Au bout de la soie (Récit)

"Je vous partage ici, quelques récits de pêche que j’ai pu avoir lors de mes pérégrinations halieutiques, agrémentés d’un peu de romance, bonne lecture."

 

La Fermette

 

Une petite histoire de fermeture qui remonte à quelques années. C’était lors d’une fin de saison exceptionnelle comme j’en n’ai pas revu depuis, dix jours extraordinaires à pêcher le Fier, exclusivement en sèche.
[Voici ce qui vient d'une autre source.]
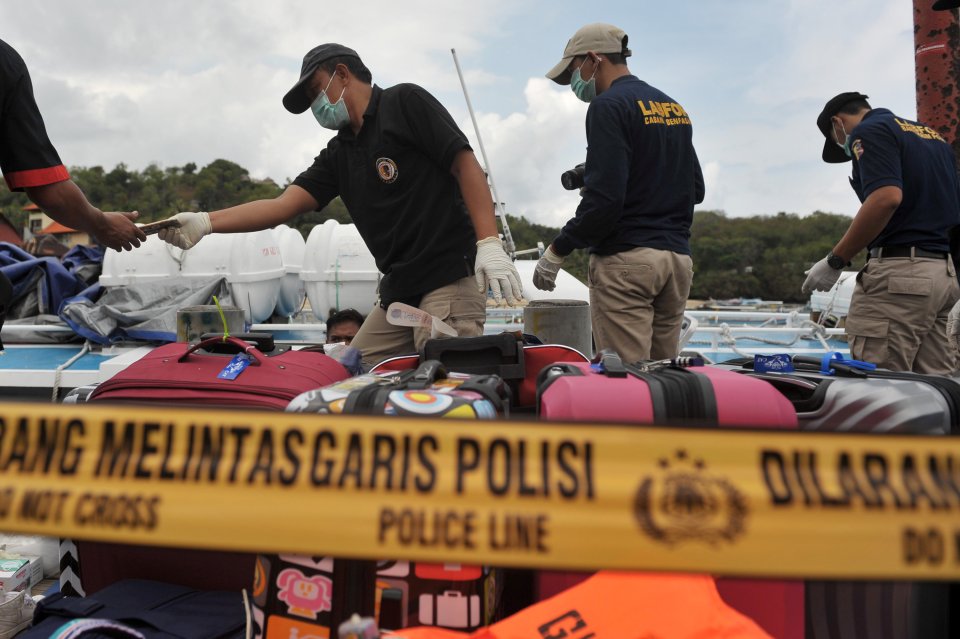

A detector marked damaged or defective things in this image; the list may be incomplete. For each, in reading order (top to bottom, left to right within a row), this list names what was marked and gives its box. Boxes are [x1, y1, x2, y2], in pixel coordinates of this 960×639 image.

rusty metal pole [916, 0, 960, 150]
Je passe donc ces derniers jours, à arpenter une rivière avec des eaux basses où l’eau coure lentement au fil des retombés de feuilles aux couleurs de l’automne. A part quelques sorties sans gobages où je pêcherai l’eau en sèche avec succès, le reste du temps se sera de la pêche à vue, accompagnée d’éclosions massives d’éphéméroptères. Une pêche en sèche qui ressemble au coup du soir que l’on peut faire l’été, des micros insectes accompagnés de minuscules gobages que beaucoup de moucheurs ne perçoivent pas. Des coups que j’adore, qui requièrent un bon placement par rapport au poisson, un posé et une dérive irréprochable, mais aussi un bon timing au moment du ferrage puisque le poisson vient cueillir la mouche en douceur dans la pellicule, on atteint pour moi la quintessence de la pêche à la mouche, chez nous.
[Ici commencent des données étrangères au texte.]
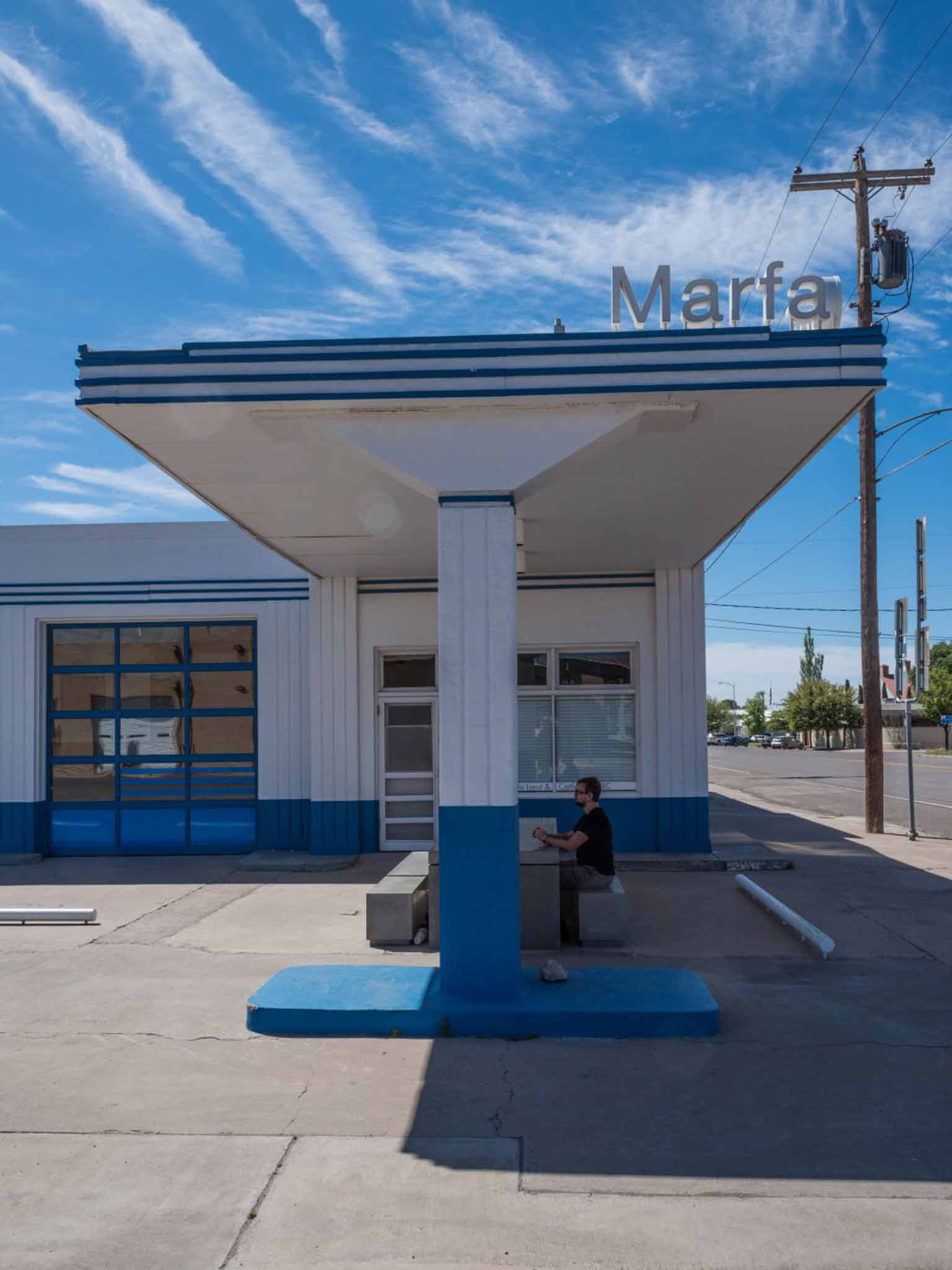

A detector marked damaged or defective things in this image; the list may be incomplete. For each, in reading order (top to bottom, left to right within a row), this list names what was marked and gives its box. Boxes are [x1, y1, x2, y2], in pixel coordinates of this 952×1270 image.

Après ces dernières journées indécentes en terme d’activité, voilà qu’arrive cette foutue fermette. Je décide de la faire le samedi et de me garder le dimanche en famille, où il y aura trop de monde au bord de l’eau à mon goût. Comme tous les ans je passe les dernières heures sur le parcours que j’ai le plus pêcher dans la saison. A l’approche de la rivière, pas un seul pêcheur à l’horizon, je commence comme j’en ai l’habitude à monter la canne au bord de l’eau tout en scrutant la moindre activité en surface. J’aperçois rapidement une brisure sur l’eau pleine aval, puis une deuxième, à chaque passage de la soie dans les anneaux s’additionne un gobage, une fois la canne montée c’est une avalanche de spent qui s’agglutinent en fin de radier où une dizaine de poissons m’attendent gueule grande ouverte. Le genre de moment magique qui demande de gérer son impatience, comprendre la fréquence des gobages et être capable de choisir le bon poisson. Une journée de rêve qui se finit sur un coup du soir où je me casse les dents, sans trouver la clef pour faire monter le moindre poisson. Je reste quelques minutes sans pêcher pour humer et m’imprégner une dernière fois de l’ambiance de la rivière, la saison est TERMINEE.
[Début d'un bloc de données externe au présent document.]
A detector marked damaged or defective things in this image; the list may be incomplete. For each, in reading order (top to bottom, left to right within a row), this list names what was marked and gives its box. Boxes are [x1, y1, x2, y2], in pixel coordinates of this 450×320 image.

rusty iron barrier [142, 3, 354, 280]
C’est ce que  je croyais ! C’était sans compter sur ma femme qui le dimanche matin me fila des coups pieds au cul pour que je profite des dernières heures de la saison, je dois avouer que je ne me suis pas trop fait prier pour remettre le waders dans la voiture. En arrivant au bord de l’eau, comme la veille les poissons sont actifs en surface, les phryganes sont de sortie, à la surface de l’eau c’est un véritable génocide. Je rentre beaucoup de petits poissons toujours en sèche, le plaisir comme la veille est toujours présent, il est 18h la nuit pointe le bout de son nez. J’aperçois la clairière où la fin de ma saison doit se terminer, là une petite voix me dit de retenter le coup juste en dessus où je n’avais rien fait en sèche quelques heures avant.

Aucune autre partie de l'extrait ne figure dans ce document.